0 Comments

Tatar düğünlerini anlatan aşağıdaki sohbet tadındaki seri yazı sayın Ayhan ÖKMEN in 
http://karayavsan.blogspot.com sitesinden alıntılanmıştır

Tatar düğünlerini doğal bir tarzda ve sohbet tadında anlatan bu seri yazı Ayhan ÖKMEN in yakınları olduğunu sandığım İsmail Hakkı KALKAY ve Cevriye KALKAY a ithaf edilmiş gibi gözüküyor, ve şöyle diyor.”Onları daha sık ziyaret edeceğim, beni geçmişe bağlayan en güçlü şey onların sevgisi çünkü… “

TATAR TOYU

köy düğünleri – 1öncelikle, düğünler hakkında anlatacaklarım kesinlikle subjektif, gözleme dayalı ve yılların ardından aklımda kaldığı kadarıyladır. ilave/düzeltme yapmak isteyenler yorumlarını bırakırlarsa gerekli revizyonlar seve seve yapılır.
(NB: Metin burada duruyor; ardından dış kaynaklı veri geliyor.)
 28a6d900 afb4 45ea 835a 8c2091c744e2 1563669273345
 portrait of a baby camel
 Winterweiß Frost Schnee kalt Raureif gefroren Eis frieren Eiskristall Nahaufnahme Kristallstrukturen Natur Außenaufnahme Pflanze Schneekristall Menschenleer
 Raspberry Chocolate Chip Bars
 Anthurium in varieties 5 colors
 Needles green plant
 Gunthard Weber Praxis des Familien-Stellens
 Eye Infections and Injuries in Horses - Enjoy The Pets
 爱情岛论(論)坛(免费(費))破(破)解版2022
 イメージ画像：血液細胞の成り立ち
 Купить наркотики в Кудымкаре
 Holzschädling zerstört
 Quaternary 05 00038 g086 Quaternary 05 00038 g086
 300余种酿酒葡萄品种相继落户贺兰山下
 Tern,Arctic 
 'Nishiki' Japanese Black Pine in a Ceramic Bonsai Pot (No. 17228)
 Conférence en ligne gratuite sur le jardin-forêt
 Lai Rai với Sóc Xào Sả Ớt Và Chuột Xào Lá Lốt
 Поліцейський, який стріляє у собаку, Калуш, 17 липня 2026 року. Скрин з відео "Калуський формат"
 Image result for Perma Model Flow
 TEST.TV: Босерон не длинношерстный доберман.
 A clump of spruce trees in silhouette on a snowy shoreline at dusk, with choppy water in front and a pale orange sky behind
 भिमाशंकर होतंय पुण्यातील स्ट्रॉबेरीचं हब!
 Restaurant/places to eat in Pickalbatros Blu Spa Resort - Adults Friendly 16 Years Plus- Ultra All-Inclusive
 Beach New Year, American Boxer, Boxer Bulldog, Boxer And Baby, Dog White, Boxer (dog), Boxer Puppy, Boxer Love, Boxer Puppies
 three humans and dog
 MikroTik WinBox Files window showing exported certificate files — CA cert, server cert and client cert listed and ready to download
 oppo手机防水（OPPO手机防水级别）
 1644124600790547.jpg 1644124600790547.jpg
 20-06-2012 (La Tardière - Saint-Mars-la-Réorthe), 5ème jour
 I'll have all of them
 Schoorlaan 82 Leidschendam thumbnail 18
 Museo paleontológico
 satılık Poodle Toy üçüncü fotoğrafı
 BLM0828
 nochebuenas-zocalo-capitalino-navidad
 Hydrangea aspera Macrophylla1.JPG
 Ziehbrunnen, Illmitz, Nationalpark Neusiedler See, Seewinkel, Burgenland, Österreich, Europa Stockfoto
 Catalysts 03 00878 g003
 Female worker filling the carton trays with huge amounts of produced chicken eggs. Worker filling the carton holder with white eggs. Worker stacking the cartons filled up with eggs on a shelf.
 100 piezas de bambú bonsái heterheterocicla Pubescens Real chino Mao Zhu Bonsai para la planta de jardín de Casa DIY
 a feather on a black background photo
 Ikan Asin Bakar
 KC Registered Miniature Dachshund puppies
düğünleri üç kategoride anlatmaya çalışacağım:
(i) Kız düğünleri
(ii)erkek düğünleri
(iii) salon düğünü
(iv) sünnet düğünleri

şimdii, benim çocukluğumun düğünleri hep yaz aylarında yapılırdı. kış düğünü hiç hatırlamıyorum; bir tek Hatice teyzemin düğünü Ekim ayı içinde yapılmıştı yamulmuyorsam.

kız düğünleri ile başlayalım. “kız düğünü” kız tarafın köyde olduğu; dolayısıyla “konak, hava, kına, tokuz” gibi güzelliklerin yaşandığı düğünleri anlatmak için kullanılırdı.

düğünler genellikle perşembe günü öğleden sonra başlardı. “konak” tabir edilen; genellikle ambar, garaj gibi geniş açıklıklı, yüksek kerpiç binaların kızların toplanıp şarkılar söylemesi/oyun oynaması için düzenlenmesi ile oluşturulan geçici eğlence merkezi perşembe günü öğleden sonra açılırdı. düzenleme dediğim de 30-40 cm genişliğinde kalasların kerpiçler üzerinde çepeçevre sıralanması, üzerlerine de muşamba/kilim gibi bir şeylerin serilmesi işiydi. konak genellikle düğün evinin yakınlarında bir yerlerde kurulurdu, son zamanlarda köy kütüphanesi ( ya da başka bir şey) olarak yapılan o ucube, sevimsiz binanın da konak olarak kullanıldığını hatırlıyorum)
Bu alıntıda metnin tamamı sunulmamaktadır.